The Enneagram: A chart for ‘predicting’ codependence in relationships
Part 4 of 7 in a Soul’s Code series about codependence
BY PAUL KAIHLA and DAVID RICKEY — Codependency is such a tricky area for self-examination, one idea is to do your own ‘chart’, so to speak. Check out if you and/or your partner fall into “that”
set of behaviors.
Personality scales are what psychologists use to profile your traits and type.
The Myers-Briggs chart is the best-known lay-person’s schema for personality types but it is widely discredited among industrial organization (IO) and other psychologists.
As an IO specialist who does personality testing for one of the world’s largest headhunting firms told Soul’s Code:
“Myers-Briggs is a joke. It was created by a mother and daughter at their kitchen table, neither of whom was a psychologist, because they were trying to figure out why the man of the house was so different from them.”
A personality mapping tool that is much older than Myers-Briggs but is only now moving into the mainstream is the Enneagram. It derives from a mystical middle-eastern tradition, and was brought into the 2oth century by the globe-trotting holy man, G.I. Gurdjieff.
Today, IO psychologists are using the Enneagram for leadership training within Fortune 500 companies like Agilent and HP.
The Enneagram is a useful instrument for illuminating unconscious roles we’ve taken on so we can bring awareness to moving past those roles — not just type-casting ourselves for life. “Enneagram is like a hologram of the personality’s inner reality,” says UK-based spiritual teacher Sandra Maitri.

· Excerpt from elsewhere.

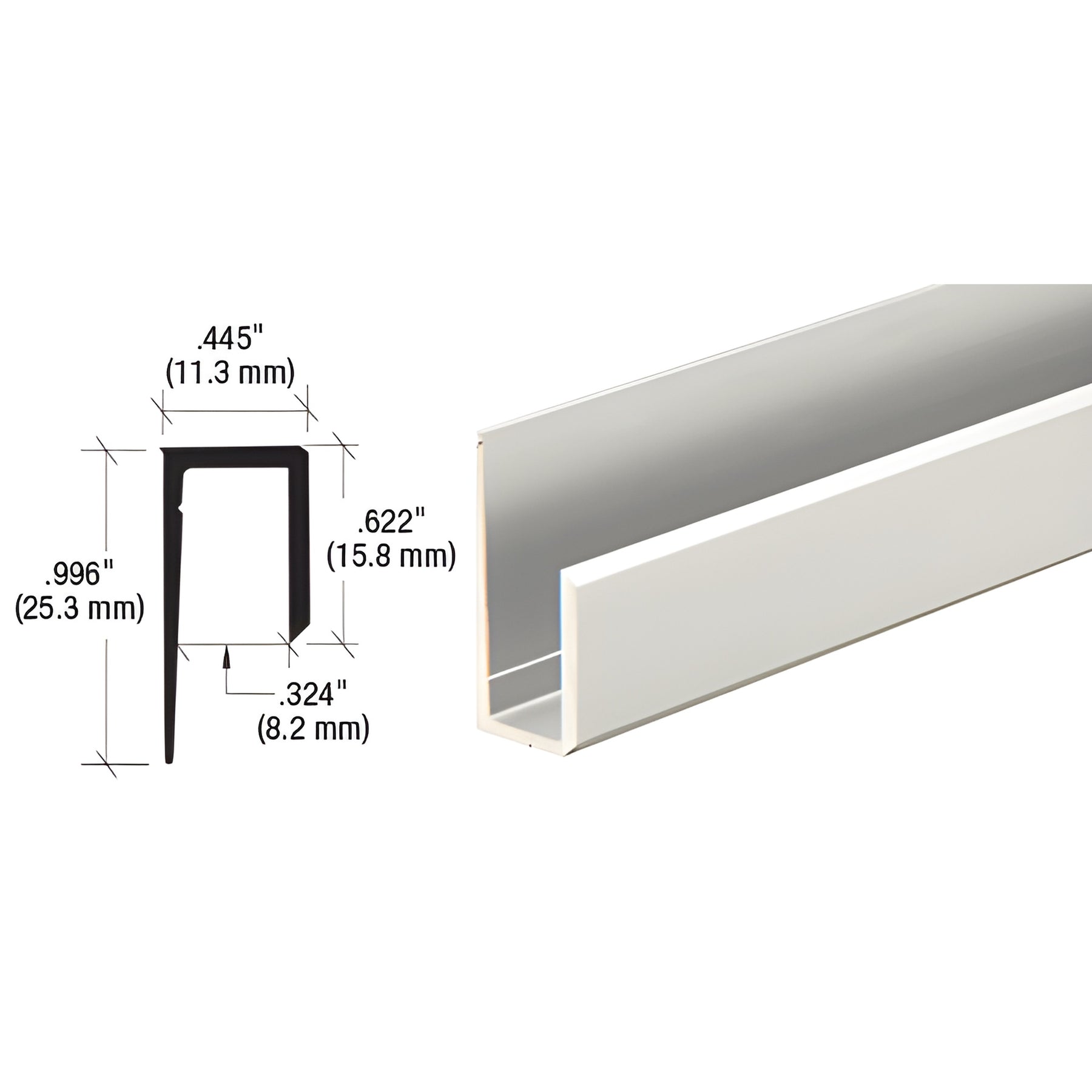 CRL Satin Anodized Canadian Style 1/4" Deep Nose "J" Channel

The Enneagram has nine basic types, and one of them is an exact match with what we call the host in a codependent relationship. Enneagram Type Two is called, “The Helper” (see the cartoon character in the Enneagram symbol above juggling a vacuum cleaner and a First Aid kit in an apron
The “illusion” No. 2’s have about themselves, says Maitri, is that they’re inherently unlovable. A No. 2 is prone to ‘buy’ love through self-sacrifice and people-pleasing; And the Enneagram No. 4 (the guy screaming in anguish in the above cartoon) is the most common, codependent recipient of that largesse.
No. 4’s have a sense of being disconnected from their true nature, cut off and abandoned. This is what spiritual teacher Eckhart Tolle means by the pain body. Depression, drama and addiction are No. 4 markers.
If you recognize yourself, or someone around you, in either of these descriptions do not despair. Here is a way to deal, shared by Maitri at a 2007 workshop she gave at California’s Spirit Rock conference center:
The Enneagram is just mapping our ego structure, and that is not who we are. There are particular skill-sets we plug into as we develop personalty structures. Our egos are basically made up of self-images, self-representations, and images and representations of the world around us. That’s what we call our psychological functioning.
What is the distinction between psychology and spirituality? When we move beyond our historical sense of self, we move into spirituality. When we move beyond our psychological representations, we move into spirituality.
Is there a self that is unique? The more that we become free of our personality structure, the more dimensions and aspects of our being come into consciousness.